A Tempting Dip Buy after 32% Drop – TipRanks Financial Blog


Shares of Millennial-loved fintech darling SoFi Technologies (NASDAQ:SOFI) have been steadily trending lower of late, with shares down around 32% from recent 52-week highs. Despite the ominous stock chart, many upbeat analysts still believe the stock’s a tempting dip buy at current levels. The fintech bubble may have burst two years ago, but SoFi seems like one of the industry players poised to rise from the rubble.

Indeed, the company’s recent quarterly earnings beat is encouraging, as too are comments made by its CEO Anthony Noto in a recent sitdown with Mad Money host Jim Cramer, who noted SoFi is stealing market share from the big banks. Targeting the big banks could mean big growth opportunities to be had for the $7.26 billion firm that rose to fame for its student loan services.


At this juncture, it seems like SoFi is ready to ramp up its disruptive innovative capabilities to beckon more folks away from traditional banking services.

All things considered, I have to stand with the many bullish analysts covering the name. Sure, SOFI stock has been battered, but in the digital age, I’m inclined to side with the neobanks over the old-school banks that are more or less being forced to spend on technological initiatives or run the risk of being left behind.

SoFi Has Room to Run as It Expands Its Financial Services Footprint

SoFi has come a long way since its days serving mostly students seeking to borrow or manage their university loans. Though the company is still a dominant behemoth in the realm of student loans with around 60% market share, it’s other areas of financial services that could really help drive growth in the long term.


With a broader range of financial services and plenty of upselling opportunities (many loyal student loan customers are ready to refinance with SoFi with student loan payments resuming), SoFi’s growth narrative still seems as sound as ever.

More recently, the company assisted in underwriting the Instacart (NASDAQ:CART) IPO, marking a notable first for the company.

Eugene Simuni, an analyst over at Moffett Nathanson, viewed SoFi’s involvement with the CART IPO as a “very positive development.” I couldn’t agree more. SoFi is becoming less of a niche fintech play and more of a neobank over time. As the company begins cutting more into the turf of the big banks, I think the rewards will eventually come.


For now, however, the company is still in full-on growth mode, and investors shouldn’t expect the firm to take its foot off the pedal, even as high-interest rates incentivize firms to cut back on excess expenditures, including those essential to a long-term growth engine.

As interest rates finally do peak (and perhaps slide), I believe SoFi is one of the technology firms that could stand to explode higher as investors rotate back into the most disruptive of innovators. For now, SoFi stock is one of the market’s losers of the high-rate world. However, once the tables turn, I do not doubt SoFi stock’s ability to pick up where it left off before the Fed started cranking rates higher.

Five-Star Analyst Sees a Path for Considerable Upside

Five-star-rated Jefferies analyst John Hecht is one of the bigger bulls on SoFi stock, with a Buy rating and a $15.00 price target, which entails 87.7% upside potential from current levels.
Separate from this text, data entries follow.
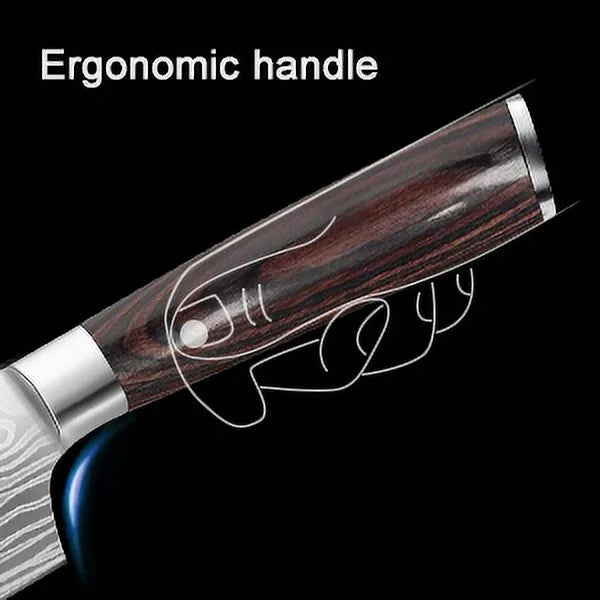 3PCS  Chef Knife, Professional Kitchen Knives,High Carbon Stainless Steel Chefs Knife Set, Ultra Sharp Blade, Ergonomic Handle and Gift Box for Home or Restaurant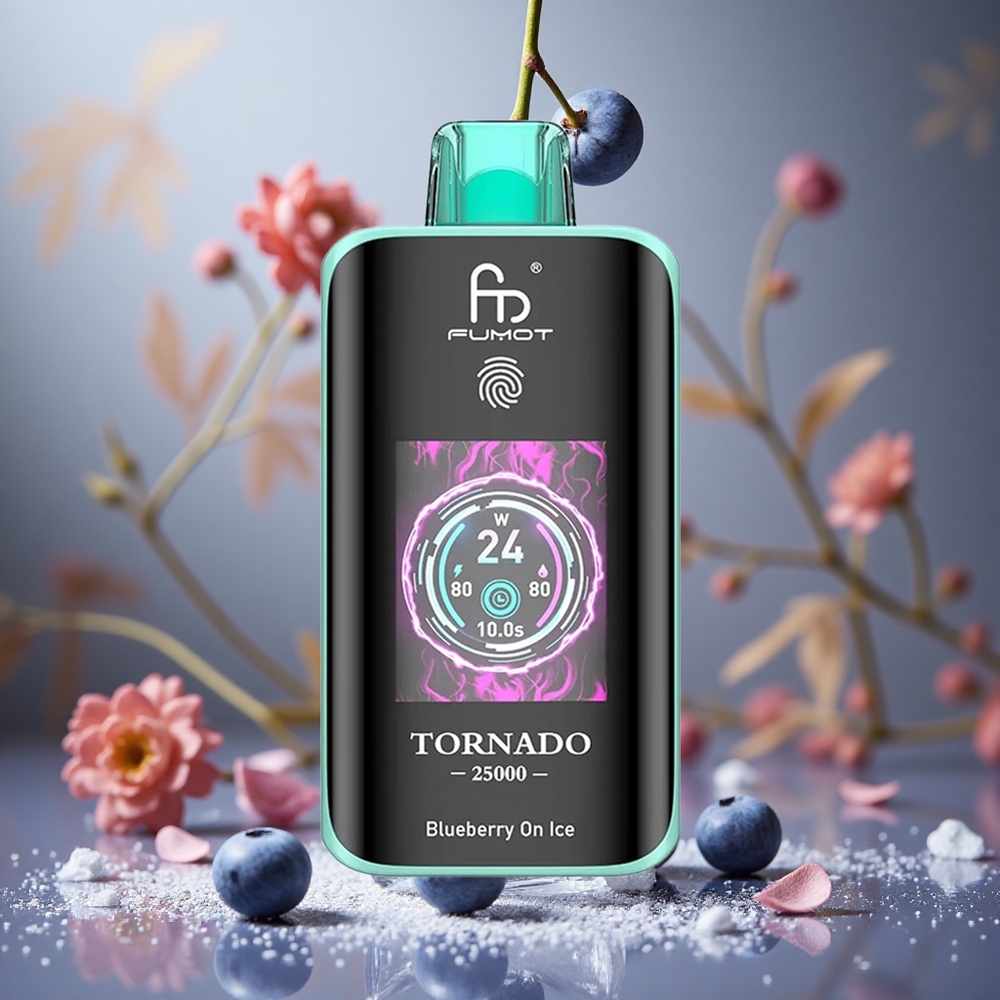 Arándano Azul en Hielo Fumot Tornado 25000 Puffs Pantalla HD Batería Recargable 700mAh Colombia al por mayor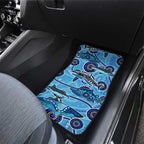 Sharks Aboriginal Australia Car Mats Indigenous Art Blue
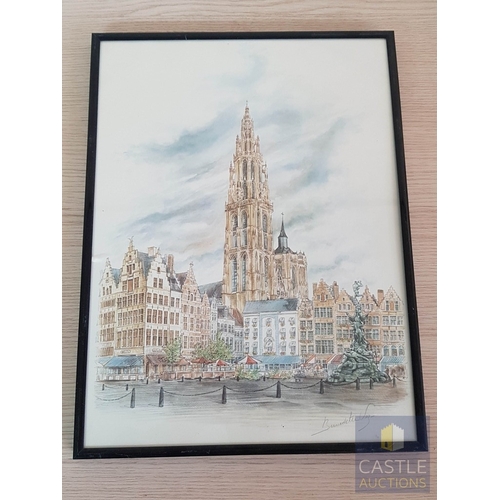 820J - Landscapes from Antwerp, Belgium, 3x Framed Prints after Watercolor Signed by Bernedetta Vos (Approx... 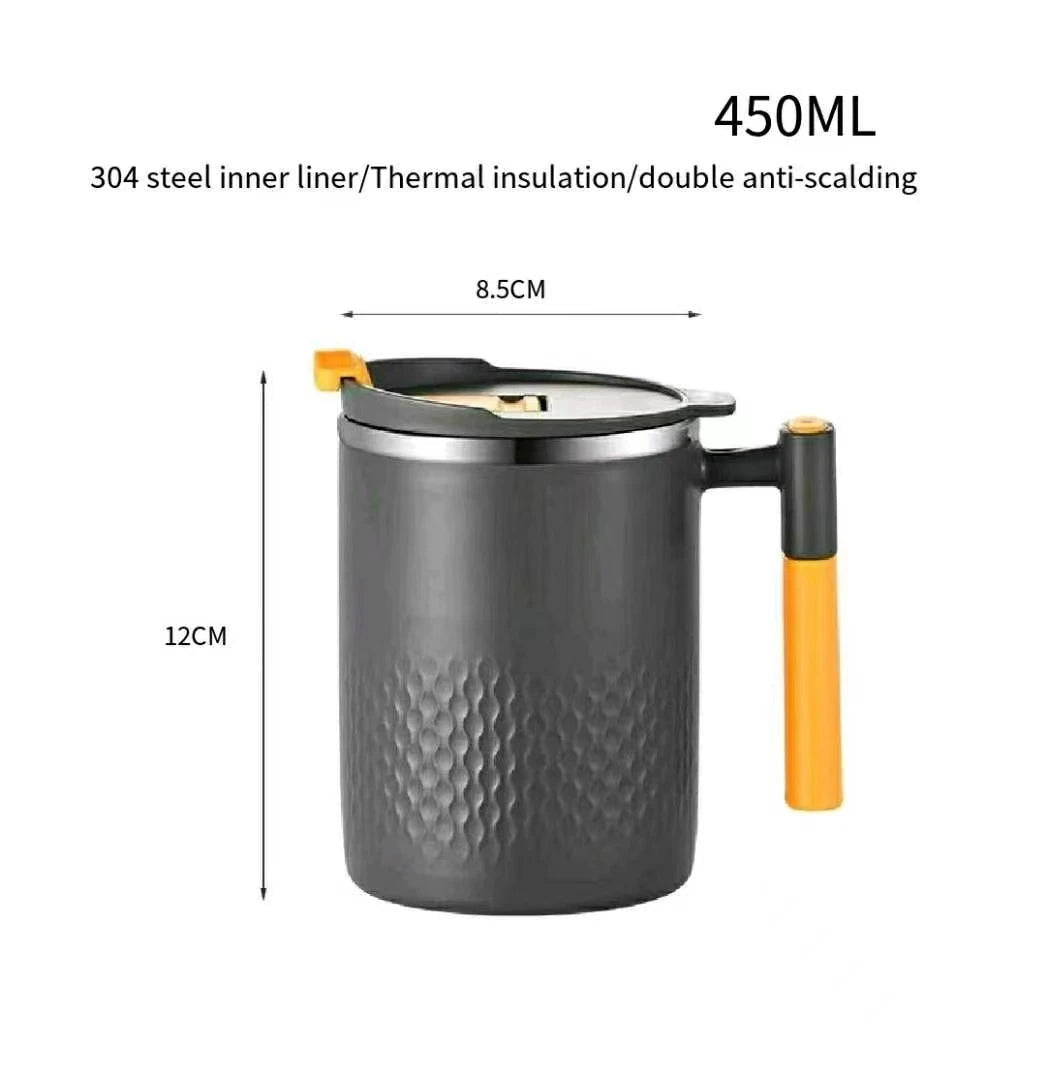 Tasse à café portative en acier inoxydable 450 ml avec poignée et couvercle – Conception étanche pour boissons chaudes ou froides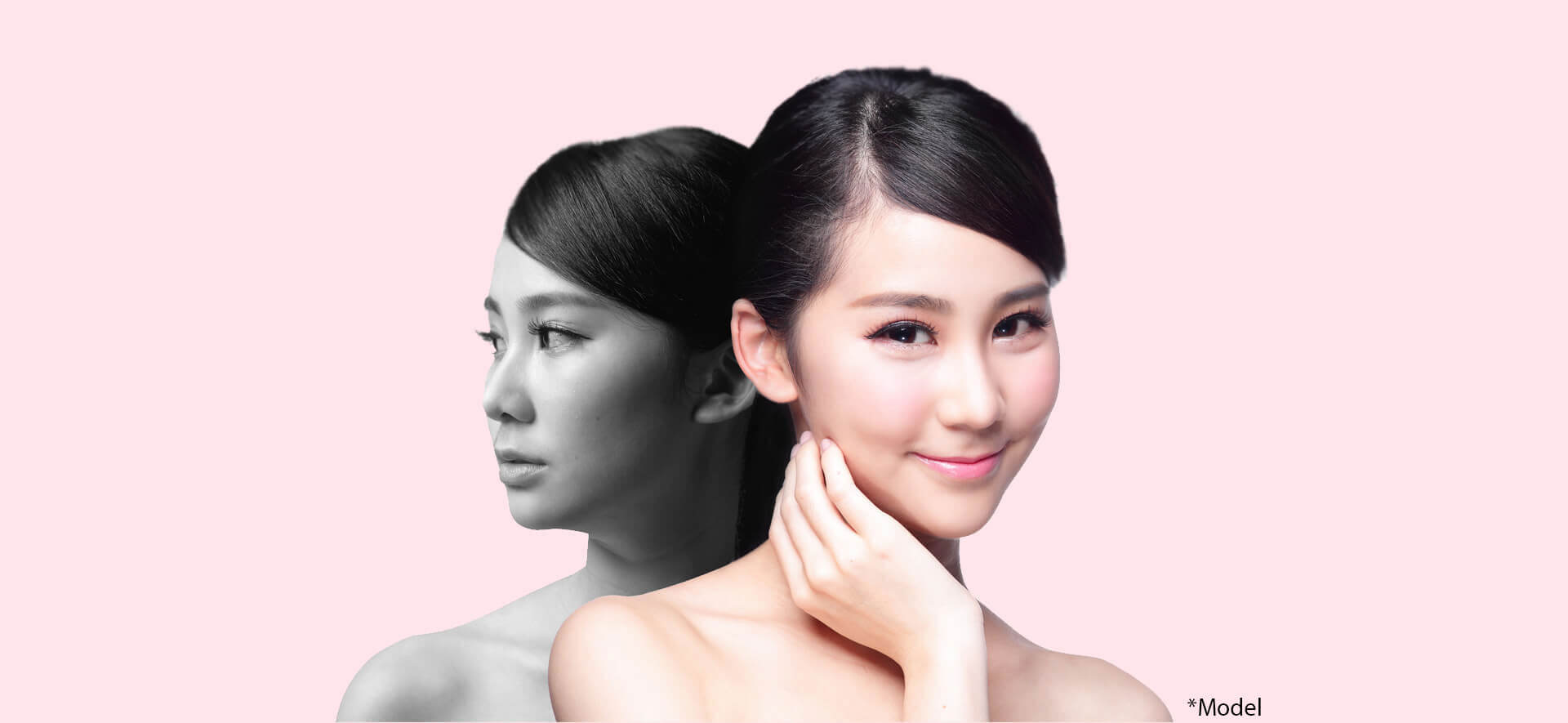 Before and after image of beautiful Asian woman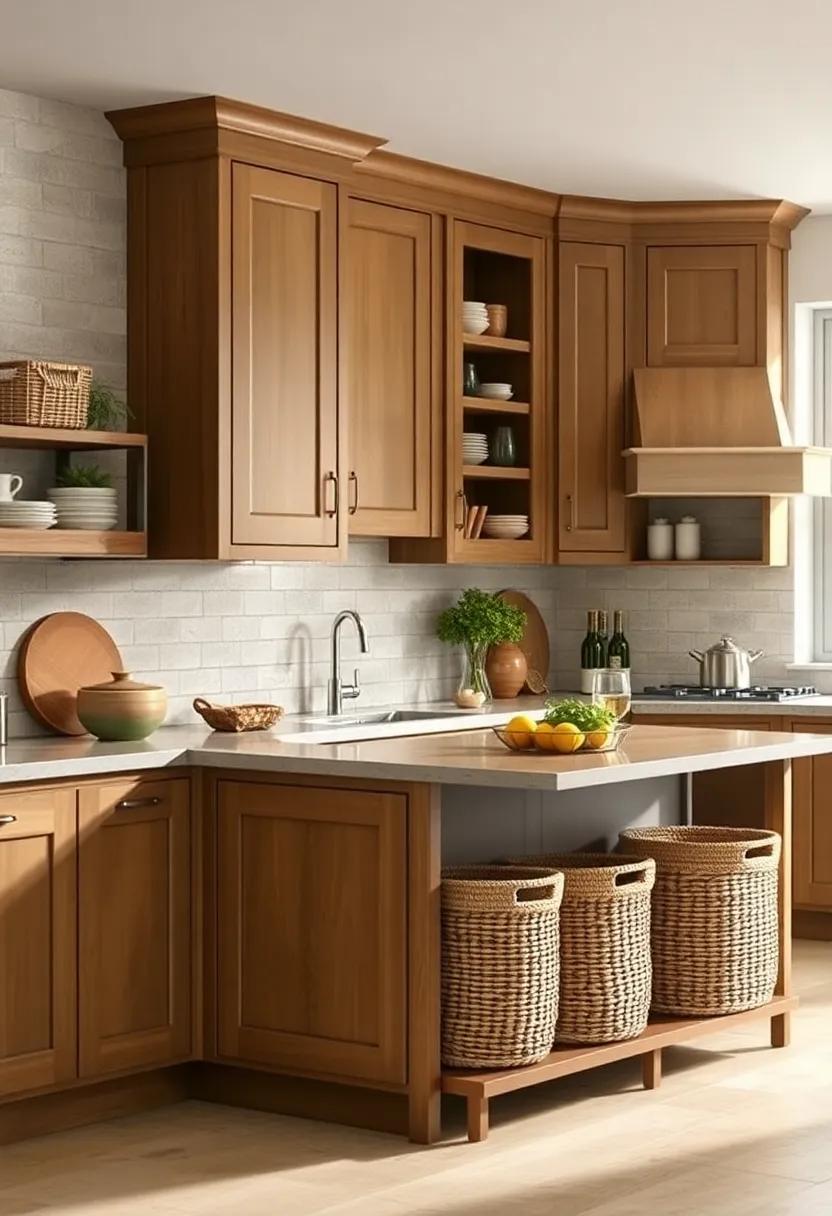 Woven Basket‍ Storage: Use beautifully crafted baskets ​to ⁣organize kitchen essentials while adding texture to your space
Mr. Hecht doesn’t think it will take much to move the needle much higher on the stock, stating, “Even a modest recovery would be a catalyst for loan growth.”

I’m inclined to agree. The stock has been so heavily punished already, now sitting down around 72% from its 2021 all-time highs of around $28 per share. At writing, shares go for 4.0 times price-to-sales (P/S). That’s about in line with the financial services industry average price-to-sales multiple. Given SoFi’s tech edge and its strong and mostly young user base, shares deserve a much fatter premium, in my opinion, as the company aims to one-up the banks over the coming years.

Is SOFI Stock a Buy, According to Analysts?

On TipRanks, SOFI stock comes in as a Hold. Out of 15 analyst ratings, there are five Buys, six Holds, and four Sell recommendations. The average SOFI stock price target is $9.73, implying upside potential of 21.8%. Analyst price targets range from a low of $3.00 per share to a high of $16.00 per share.

The Bottom Line

SoFi stock has already been punished for being a high-growth, high-spending disruptor in a high-interest-rate world. As the firm continues to bring the fight to traditional banks with its high-tech advantage, I wouldn’t bet against the firm, as even a small positive could be a huge positive for the firm, given how much the bar has been lowered in recent years.